## EXERCISE INSTRUCTIONS
From the line containing "Alex Oleszkowicz Baseball" to the final line of the material below, return every line exactly. Do not include pictures.

## DATA FOR REVIEW
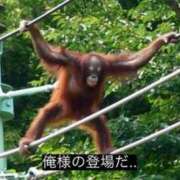 ヒメ日記 2025/03/06 16:52 投稿 れお♡誰もが振り返る最高彼女 ジャックと豆の木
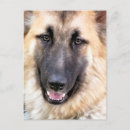 Suche nach gsd postkarten Schäfer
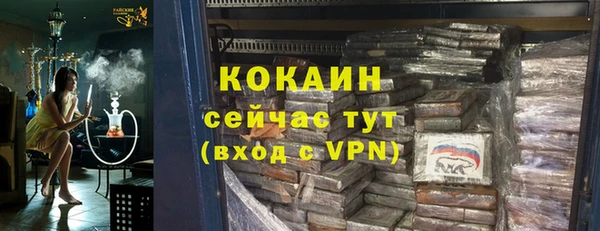 гашик Козельск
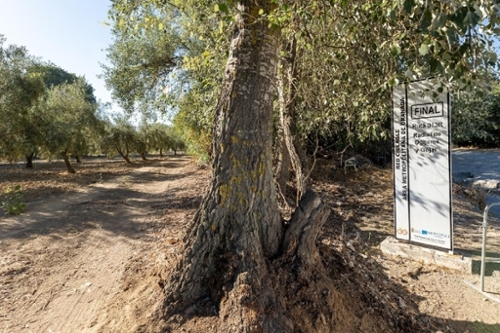 Gójar Vega De Granada Grundstück Bild 6319518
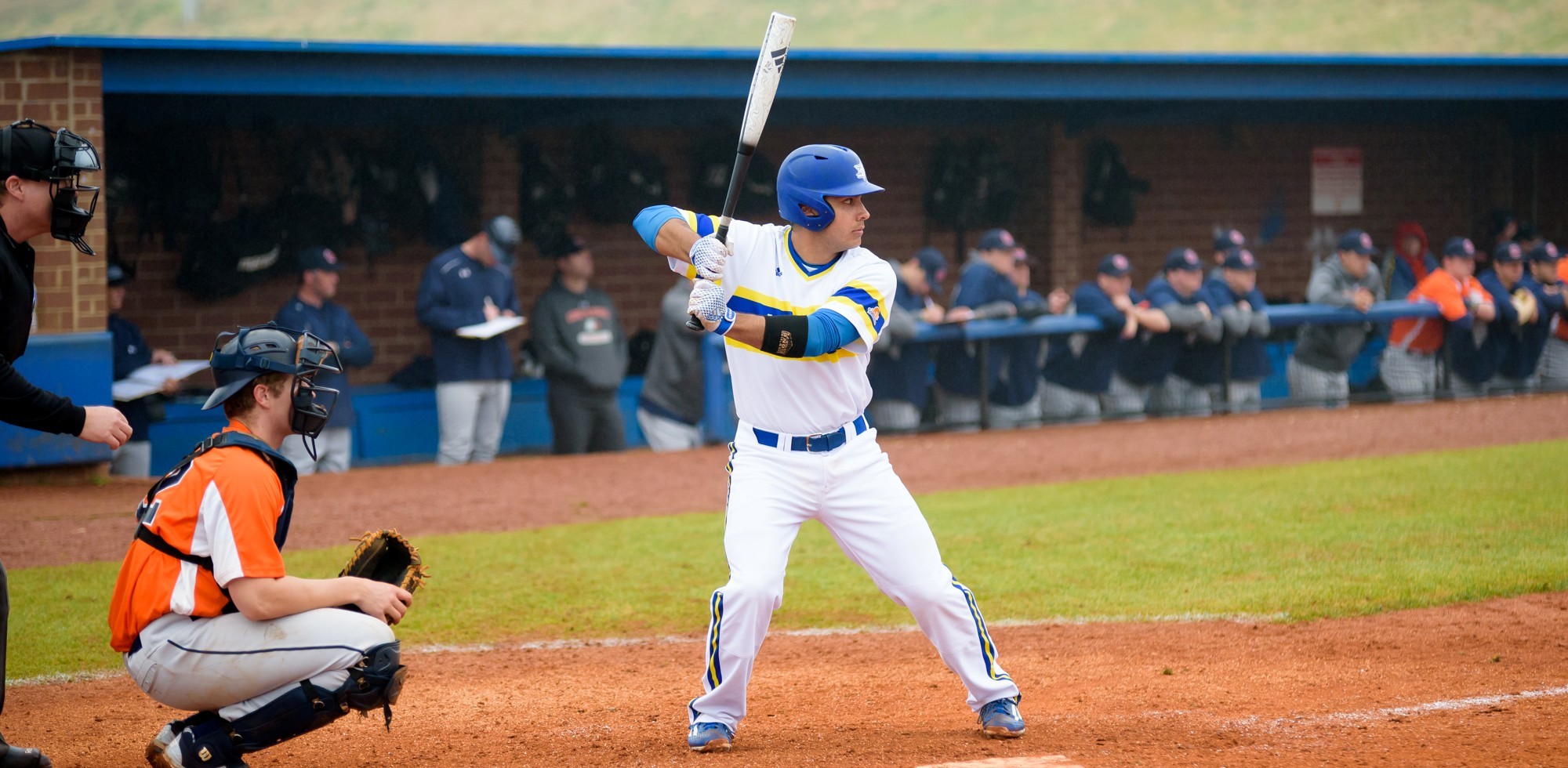 Alex Oleszkowicz Baseball Limestone University Athletics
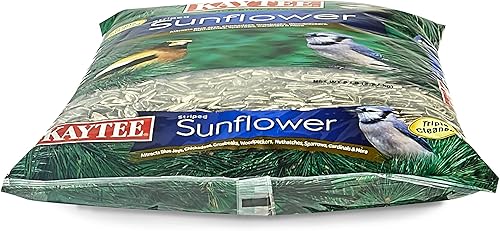 Miniatura 9 de Kaytee Alimento para pájaros silvestres de girasol a rayas 5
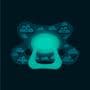 Difrax Fopspeen Natural 6+ M Glow In The Dark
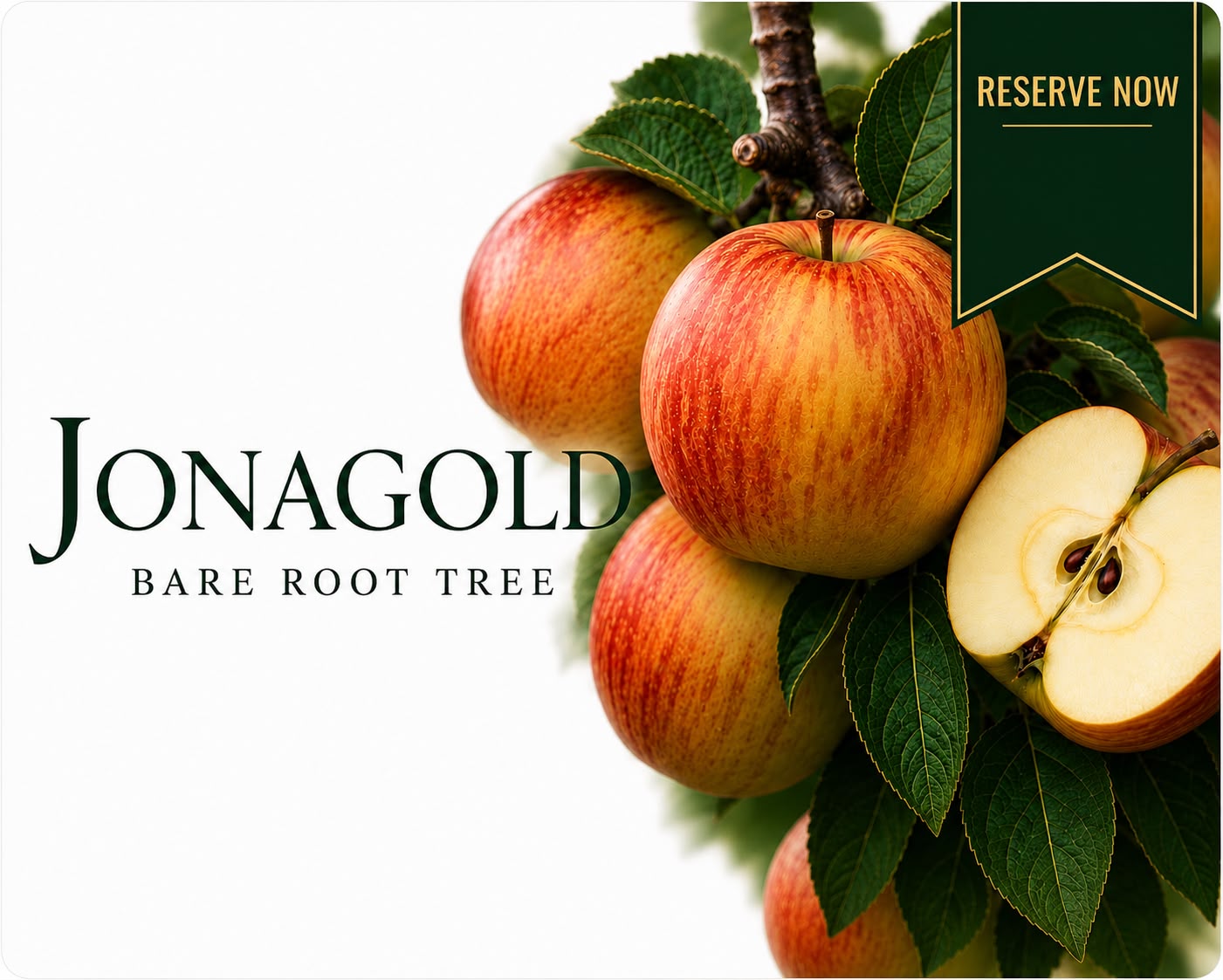 Apple Tree “Jonagold” — Bare Root  160-180cm Pre-Order for October-November  Delivery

## TASK SOLUTION
 Alex Oleszkowicz Baseball Limestone University Athletics
 Miniatura 9 de Kaytee Alimento para pájaros silvestres de girasol a rayas 5
 Difrax Fopspeen Natural 6+ M Glow In The Dark
 Apple Tree “Jonagold” — Bare Root  160-180cm Pre-Order for October-November  Delivery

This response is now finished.